◆ AIM OF THE TASK
How many lines of these entries hold the string "Mens"? Answer with the number alone.

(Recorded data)
»»
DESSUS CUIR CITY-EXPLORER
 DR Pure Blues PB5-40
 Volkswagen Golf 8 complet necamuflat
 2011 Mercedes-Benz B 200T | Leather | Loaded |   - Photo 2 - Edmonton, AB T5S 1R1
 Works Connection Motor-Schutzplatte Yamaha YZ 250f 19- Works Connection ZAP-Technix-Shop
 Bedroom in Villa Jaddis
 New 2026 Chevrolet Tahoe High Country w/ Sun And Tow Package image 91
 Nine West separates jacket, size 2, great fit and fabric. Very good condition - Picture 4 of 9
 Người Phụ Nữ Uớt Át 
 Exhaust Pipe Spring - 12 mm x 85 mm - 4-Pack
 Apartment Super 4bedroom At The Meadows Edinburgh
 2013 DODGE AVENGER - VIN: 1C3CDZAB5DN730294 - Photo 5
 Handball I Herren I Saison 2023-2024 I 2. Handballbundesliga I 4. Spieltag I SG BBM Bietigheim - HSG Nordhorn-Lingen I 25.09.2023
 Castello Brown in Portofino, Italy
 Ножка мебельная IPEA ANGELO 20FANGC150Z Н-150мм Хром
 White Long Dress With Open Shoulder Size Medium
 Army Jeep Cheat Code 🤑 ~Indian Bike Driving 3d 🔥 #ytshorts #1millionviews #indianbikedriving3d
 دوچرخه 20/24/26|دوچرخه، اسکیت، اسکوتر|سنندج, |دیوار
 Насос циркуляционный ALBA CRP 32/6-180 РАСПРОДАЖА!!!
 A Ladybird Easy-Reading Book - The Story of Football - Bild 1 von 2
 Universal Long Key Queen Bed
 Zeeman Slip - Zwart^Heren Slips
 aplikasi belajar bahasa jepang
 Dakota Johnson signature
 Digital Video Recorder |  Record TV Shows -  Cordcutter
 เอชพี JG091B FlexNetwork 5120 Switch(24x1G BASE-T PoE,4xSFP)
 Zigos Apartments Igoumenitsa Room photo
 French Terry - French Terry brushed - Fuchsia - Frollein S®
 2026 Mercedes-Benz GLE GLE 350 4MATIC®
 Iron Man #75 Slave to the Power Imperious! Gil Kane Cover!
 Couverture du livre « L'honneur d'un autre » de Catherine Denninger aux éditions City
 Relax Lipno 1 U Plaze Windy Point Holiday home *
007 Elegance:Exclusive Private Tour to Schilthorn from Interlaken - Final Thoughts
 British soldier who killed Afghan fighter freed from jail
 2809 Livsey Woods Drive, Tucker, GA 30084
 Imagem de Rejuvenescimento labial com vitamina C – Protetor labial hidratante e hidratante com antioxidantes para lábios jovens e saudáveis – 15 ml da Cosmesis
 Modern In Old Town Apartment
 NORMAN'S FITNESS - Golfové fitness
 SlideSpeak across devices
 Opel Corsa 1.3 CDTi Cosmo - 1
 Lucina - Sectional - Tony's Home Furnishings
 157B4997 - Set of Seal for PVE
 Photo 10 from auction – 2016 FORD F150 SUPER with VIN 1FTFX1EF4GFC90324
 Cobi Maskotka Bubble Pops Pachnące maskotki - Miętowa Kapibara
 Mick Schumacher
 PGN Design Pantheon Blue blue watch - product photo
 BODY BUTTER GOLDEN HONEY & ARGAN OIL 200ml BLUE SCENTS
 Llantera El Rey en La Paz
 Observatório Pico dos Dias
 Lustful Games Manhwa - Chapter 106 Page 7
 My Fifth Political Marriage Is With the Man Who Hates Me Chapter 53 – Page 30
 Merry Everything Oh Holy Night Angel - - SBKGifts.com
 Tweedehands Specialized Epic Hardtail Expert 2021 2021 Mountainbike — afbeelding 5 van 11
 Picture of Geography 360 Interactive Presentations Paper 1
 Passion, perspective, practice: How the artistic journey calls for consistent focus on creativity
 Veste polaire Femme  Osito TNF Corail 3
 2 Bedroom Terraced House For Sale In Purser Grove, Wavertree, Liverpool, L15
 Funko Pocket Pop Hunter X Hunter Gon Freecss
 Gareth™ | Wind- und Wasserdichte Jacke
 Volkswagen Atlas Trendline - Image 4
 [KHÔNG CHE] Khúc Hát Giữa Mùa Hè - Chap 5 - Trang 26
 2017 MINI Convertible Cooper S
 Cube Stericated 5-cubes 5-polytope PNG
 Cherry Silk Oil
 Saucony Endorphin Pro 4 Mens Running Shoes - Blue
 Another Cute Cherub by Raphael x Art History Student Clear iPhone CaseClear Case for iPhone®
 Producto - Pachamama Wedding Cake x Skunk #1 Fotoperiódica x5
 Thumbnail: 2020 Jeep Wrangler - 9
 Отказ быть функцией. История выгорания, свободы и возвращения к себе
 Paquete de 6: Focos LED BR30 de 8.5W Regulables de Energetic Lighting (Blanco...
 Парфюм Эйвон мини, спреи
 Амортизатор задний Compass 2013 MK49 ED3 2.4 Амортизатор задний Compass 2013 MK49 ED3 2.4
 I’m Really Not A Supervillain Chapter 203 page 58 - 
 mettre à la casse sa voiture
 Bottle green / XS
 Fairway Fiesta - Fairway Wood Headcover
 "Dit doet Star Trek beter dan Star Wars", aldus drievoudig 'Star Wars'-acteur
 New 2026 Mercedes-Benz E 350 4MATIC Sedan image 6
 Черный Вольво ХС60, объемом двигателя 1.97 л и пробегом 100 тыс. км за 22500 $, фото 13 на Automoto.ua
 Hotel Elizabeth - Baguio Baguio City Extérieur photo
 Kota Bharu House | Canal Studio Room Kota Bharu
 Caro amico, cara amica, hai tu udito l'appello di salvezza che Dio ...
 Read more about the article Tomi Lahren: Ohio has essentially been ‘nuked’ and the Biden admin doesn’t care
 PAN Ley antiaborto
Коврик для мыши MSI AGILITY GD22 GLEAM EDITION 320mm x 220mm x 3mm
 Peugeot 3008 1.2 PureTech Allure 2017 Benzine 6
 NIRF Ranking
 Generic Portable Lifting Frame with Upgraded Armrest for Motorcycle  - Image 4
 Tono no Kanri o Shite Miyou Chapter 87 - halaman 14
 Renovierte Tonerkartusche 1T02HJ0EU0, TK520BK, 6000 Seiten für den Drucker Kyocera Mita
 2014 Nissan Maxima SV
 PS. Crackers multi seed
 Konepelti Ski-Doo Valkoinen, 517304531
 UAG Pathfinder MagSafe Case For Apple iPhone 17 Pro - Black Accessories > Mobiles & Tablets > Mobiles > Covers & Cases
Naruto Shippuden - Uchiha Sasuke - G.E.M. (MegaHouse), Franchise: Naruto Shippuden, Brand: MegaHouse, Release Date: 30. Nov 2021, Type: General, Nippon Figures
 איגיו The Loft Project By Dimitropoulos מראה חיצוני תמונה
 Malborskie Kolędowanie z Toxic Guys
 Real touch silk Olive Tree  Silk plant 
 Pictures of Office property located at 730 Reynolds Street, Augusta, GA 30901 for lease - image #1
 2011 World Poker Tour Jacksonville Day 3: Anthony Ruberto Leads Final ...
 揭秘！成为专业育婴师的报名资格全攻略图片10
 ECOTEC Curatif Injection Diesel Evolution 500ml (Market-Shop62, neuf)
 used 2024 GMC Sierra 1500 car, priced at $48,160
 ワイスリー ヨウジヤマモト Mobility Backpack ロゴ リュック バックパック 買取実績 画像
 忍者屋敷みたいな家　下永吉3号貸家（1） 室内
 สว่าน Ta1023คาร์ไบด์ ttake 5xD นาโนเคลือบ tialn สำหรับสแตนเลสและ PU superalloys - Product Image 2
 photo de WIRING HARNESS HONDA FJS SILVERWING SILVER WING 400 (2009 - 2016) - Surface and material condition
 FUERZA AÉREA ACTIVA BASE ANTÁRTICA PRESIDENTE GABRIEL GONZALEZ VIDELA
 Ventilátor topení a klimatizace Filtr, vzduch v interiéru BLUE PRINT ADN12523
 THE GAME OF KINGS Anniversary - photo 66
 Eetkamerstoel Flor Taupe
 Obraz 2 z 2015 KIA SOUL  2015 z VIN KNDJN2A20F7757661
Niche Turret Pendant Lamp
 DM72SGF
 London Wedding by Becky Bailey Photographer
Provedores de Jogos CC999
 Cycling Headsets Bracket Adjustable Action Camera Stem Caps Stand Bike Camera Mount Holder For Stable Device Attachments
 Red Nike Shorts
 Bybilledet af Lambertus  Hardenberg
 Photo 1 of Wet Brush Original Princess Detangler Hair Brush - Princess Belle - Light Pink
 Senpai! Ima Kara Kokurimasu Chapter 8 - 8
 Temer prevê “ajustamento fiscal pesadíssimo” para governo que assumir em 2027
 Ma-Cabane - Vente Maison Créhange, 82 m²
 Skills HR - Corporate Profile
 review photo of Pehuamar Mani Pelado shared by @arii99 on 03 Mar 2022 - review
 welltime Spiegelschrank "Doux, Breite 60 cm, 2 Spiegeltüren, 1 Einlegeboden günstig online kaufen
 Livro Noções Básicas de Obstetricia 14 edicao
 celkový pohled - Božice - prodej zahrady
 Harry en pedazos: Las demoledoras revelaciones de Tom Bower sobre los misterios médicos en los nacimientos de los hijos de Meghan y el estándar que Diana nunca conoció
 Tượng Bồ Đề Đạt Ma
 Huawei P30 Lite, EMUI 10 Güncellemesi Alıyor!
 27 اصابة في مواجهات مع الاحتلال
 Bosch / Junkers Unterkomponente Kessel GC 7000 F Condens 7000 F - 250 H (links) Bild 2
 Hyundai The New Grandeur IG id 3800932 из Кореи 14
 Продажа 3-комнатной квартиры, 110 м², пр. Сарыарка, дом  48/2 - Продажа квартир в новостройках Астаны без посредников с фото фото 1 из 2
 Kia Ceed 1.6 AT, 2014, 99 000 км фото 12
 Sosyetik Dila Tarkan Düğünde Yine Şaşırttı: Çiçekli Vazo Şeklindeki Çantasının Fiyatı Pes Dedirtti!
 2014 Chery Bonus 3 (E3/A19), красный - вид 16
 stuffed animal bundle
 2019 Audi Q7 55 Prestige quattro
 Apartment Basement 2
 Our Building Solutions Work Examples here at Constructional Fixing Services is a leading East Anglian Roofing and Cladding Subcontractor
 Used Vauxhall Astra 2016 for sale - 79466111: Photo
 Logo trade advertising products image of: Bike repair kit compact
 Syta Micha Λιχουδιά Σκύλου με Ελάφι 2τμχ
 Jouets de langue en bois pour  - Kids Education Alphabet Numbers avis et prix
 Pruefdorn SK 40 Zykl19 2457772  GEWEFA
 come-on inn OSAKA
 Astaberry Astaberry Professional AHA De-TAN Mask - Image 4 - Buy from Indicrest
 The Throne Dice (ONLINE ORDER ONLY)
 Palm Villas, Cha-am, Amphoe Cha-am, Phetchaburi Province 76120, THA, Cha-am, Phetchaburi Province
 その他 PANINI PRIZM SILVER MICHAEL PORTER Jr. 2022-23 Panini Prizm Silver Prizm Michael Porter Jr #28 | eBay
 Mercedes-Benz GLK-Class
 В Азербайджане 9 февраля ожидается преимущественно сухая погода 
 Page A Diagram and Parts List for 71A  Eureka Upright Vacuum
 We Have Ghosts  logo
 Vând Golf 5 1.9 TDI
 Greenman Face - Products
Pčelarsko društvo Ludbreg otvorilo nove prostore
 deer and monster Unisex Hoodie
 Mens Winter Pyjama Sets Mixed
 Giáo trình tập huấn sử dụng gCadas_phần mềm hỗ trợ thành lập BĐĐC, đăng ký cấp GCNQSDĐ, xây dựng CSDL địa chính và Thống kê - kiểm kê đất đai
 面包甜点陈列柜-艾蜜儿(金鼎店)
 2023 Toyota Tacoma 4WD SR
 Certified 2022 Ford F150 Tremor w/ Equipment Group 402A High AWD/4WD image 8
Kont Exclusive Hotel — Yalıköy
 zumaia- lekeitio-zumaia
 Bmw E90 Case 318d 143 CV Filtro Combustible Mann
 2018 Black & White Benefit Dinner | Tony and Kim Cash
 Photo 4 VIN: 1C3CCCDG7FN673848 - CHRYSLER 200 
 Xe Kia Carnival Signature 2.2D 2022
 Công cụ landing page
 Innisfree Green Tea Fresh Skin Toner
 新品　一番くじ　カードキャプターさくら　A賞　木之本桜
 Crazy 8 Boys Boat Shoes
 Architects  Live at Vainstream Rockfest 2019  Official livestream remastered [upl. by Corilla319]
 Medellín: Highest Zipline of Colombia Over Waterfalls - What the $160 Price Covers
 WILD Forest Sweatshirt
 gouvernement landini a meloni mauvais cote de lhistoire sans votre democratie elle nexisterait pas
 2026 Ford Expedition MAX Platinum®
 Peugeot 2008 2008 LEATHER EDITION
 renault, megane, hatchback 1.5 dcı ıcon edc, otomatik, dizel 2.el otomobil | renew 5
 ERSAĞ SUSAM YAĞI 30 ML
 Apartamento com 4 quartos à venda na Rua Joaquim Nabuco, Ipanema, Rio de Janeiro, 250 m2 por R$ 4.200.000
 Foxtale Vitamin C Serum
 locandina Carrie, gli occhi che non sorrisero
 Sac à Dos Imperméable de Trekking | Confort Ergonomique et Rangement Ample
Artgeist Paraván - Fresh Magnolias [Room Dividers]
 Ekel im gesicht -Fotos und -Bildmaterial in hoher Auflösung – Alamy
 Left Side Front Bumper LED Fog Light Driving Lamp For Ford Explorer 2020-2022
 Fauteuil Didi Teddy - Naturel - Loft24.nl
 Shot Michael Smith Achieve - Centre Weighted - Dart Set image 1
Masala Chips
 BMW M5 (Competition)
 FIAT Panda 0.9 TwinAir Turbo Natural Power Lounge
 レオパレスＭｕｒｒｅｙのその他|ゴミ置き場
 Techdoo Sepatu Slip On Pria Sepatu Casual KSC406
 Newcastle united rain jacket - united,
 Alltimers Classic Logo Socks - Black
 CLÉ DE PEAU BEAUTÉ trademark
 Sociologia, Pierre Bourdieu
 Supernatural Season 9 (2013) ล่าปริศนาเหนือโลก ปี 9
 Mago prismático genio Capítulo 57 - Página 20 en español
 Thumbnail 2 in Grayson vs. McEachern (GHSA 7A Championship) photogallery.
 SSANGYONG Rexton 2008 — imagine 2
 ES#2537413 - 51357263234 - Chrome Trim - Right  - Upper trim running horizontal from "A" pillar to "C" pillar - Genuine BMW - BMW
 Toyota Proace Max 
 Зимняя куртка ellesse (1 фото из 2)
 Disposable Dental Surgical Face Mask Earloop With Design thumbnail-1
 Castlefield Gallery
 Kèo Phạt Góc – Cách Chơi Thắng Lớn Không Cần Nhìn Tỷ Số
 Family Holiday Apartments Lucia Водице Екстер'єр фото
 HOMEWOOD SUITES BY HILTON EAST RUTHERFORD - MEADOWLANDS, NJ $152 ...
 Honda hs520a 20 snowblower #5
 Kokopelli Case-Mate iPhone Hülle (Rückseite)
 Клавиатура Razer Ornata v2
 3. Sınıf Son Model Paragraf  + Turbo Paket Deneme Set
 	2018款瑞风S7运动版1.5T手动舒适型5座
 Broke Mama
««
◆ WRITTEN SOLUTION
2